Mas, em existindo contribuições previdenciárias no período básico de cálculo do novo benefício e se elas forem superiores ao salário-de-benefício da antiga aposentadoria, deverão ser consideradas no cálculo da nova prestação. Se assim não for, teremos de admitir que o sistema de seguridade social, embora imerso em uma ordem social que tem como base o primado do trabalho e como objetivo o bem-estar e a justiça sociais, e nada obstante seja um importante componente para a reafirmação dos fundamentos republicanos como a igualdade, o valor social do trabalho e a dignidade da pessoa humana, consiste em um modelo de proteção tão imperfeito que negue o elementar: a cobertura previdenciária proposta constitucionalmente, em nível suficiente a atender às necessidades elementares do segurado, que têm de ser medidas, como referido alhures, pela gravidade da contingência social em que se vê envolvido o segurado e, em se tratando de benefícios por incapacidade, pela média de suas contribuições (salários-de-contribuição), porque elas são indicativas do consumo passível de segurança social (necessidades econômicas compreendidas no limite máximo do salário-de-contribuição).

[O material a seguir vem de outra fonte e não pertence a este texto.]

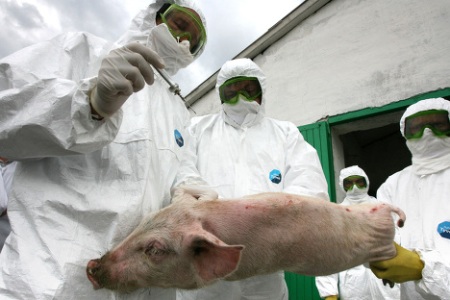 Как уже сообщала газета, в ближайшей к нашей области стране - Литве обнаружен смертоносный вирус африканской чумы свиней. Как не допустить его на нашу территорию и предотвратить эпидемию, обсуждали на заседании окружной противоэпизоотической комиссии.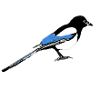 Magpie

Esses seriam argumentos suficientes para se interpretar o art. 18, § 2º, da Lei 8.213/91 no sentido de que nenhuma prestação da previdência social pode ser acumulada pelo segurado aposentado em decorrência do exercício de atividade após a concessão de aposentadoria, o que não estaria a impedir, de qualquer modo, sejam consideradas as contribuições previdenciárias para efeito de cálculo da renda mensal inicial da nova prestação.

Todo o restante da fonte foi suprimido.